BEGIN
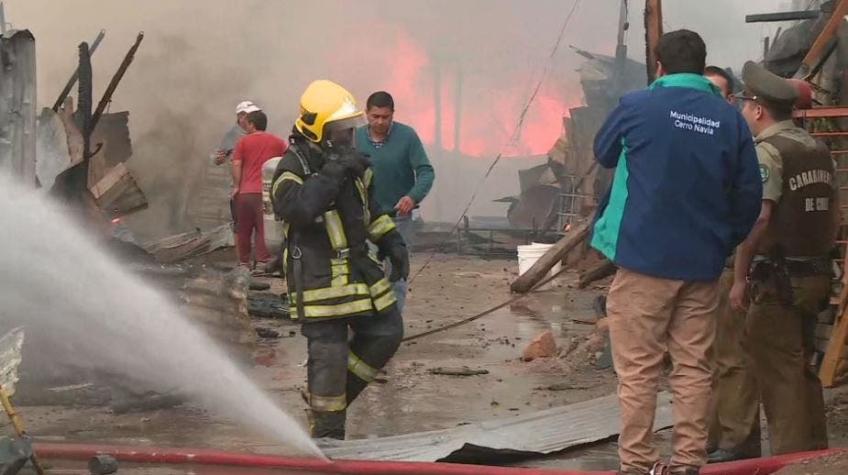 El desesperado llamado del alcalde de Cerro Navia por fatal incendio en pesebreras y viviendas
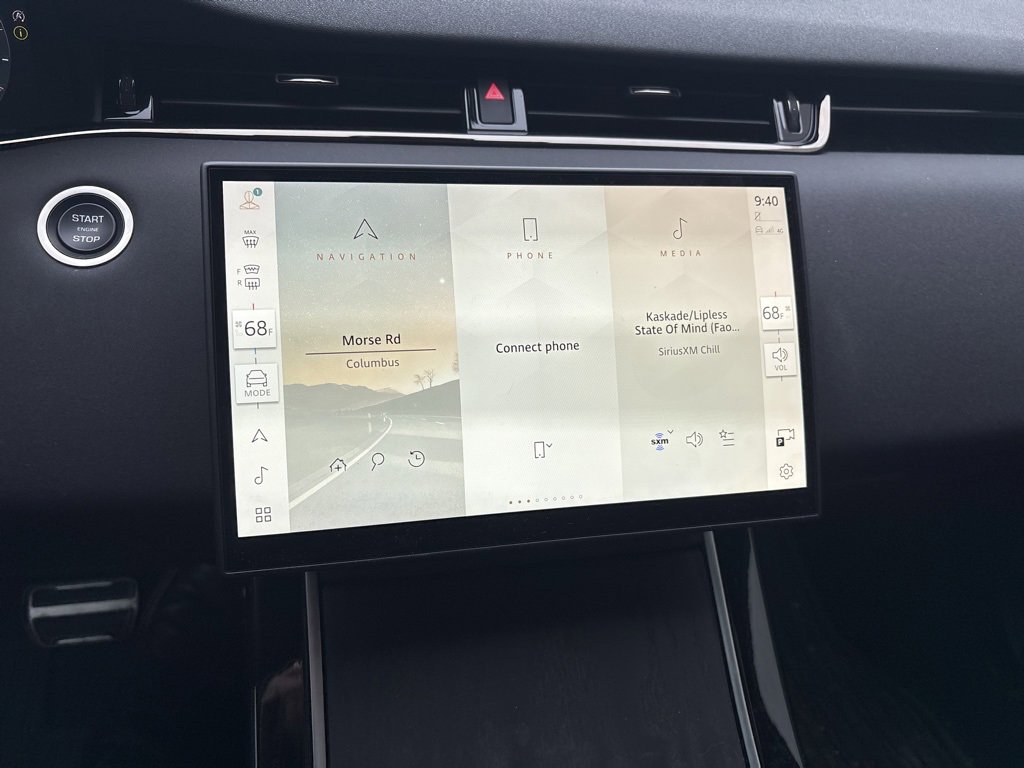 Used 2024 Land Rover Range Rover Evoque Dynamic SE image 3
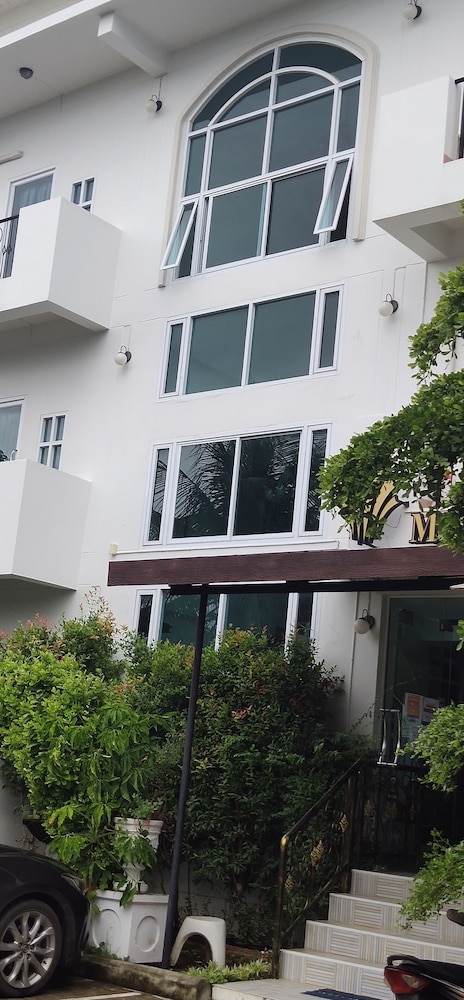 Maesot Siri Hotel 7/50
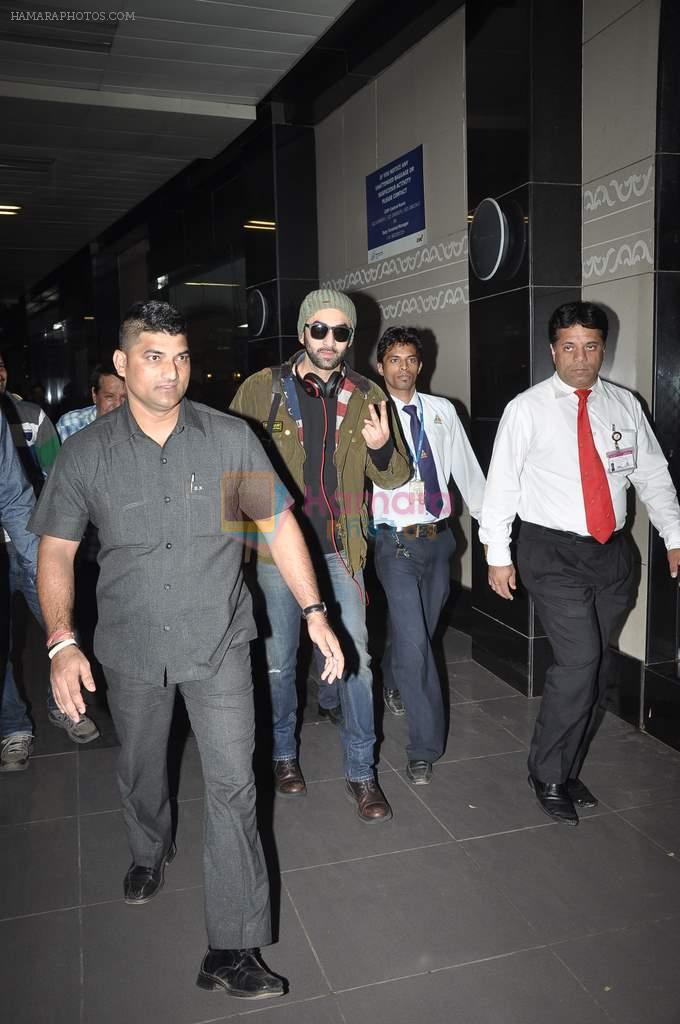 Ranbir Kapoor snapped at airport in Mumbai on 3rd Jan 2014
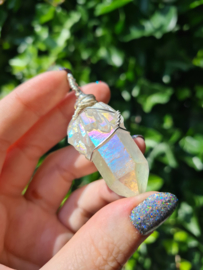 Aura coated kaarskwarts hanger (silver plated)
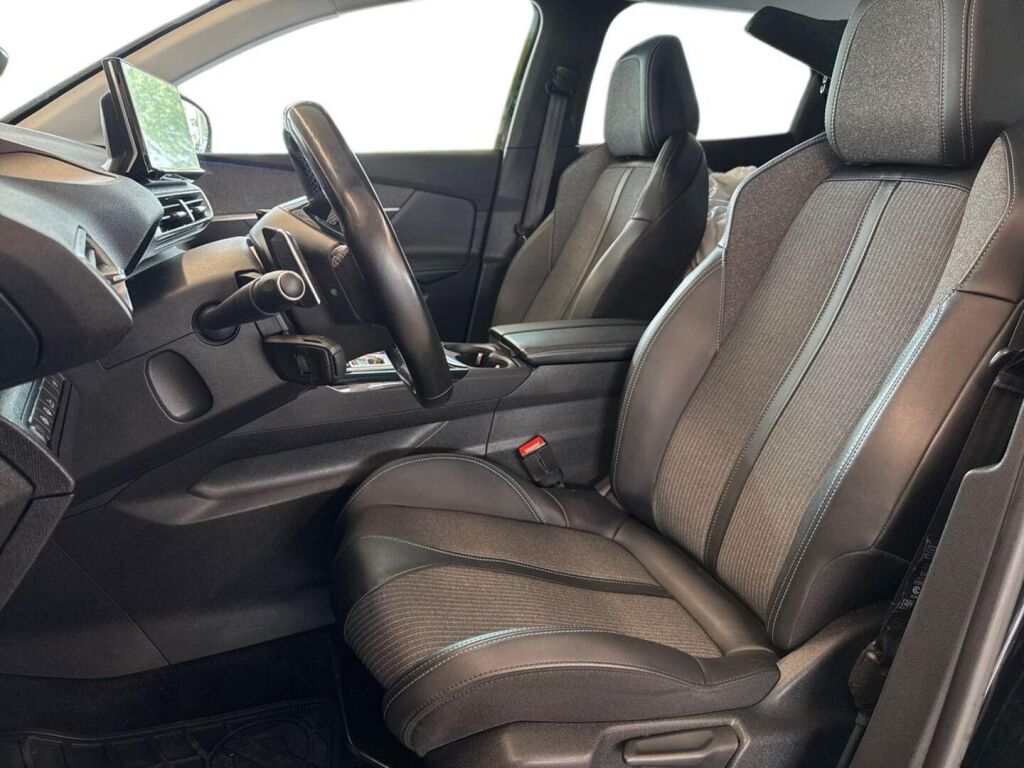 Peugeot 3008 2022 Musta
END
Task statement:
Reproduce word for word the lines running from the line with "Used 2024 Land" through the end of the data, both included, and nothing else; leave out the pictures.

Task answer:
 Used 2024 Land Rover Range Rover Evoque Dynamic SE image 3
 Maesot Siri Hotel 7/50
 Ranbir Kapoor snapped at airport in Mumbai on 3rd Jan 2014
 Aura coated kaarskwarts hanger (silver plated)
 Peugeot 3008 2022 Musta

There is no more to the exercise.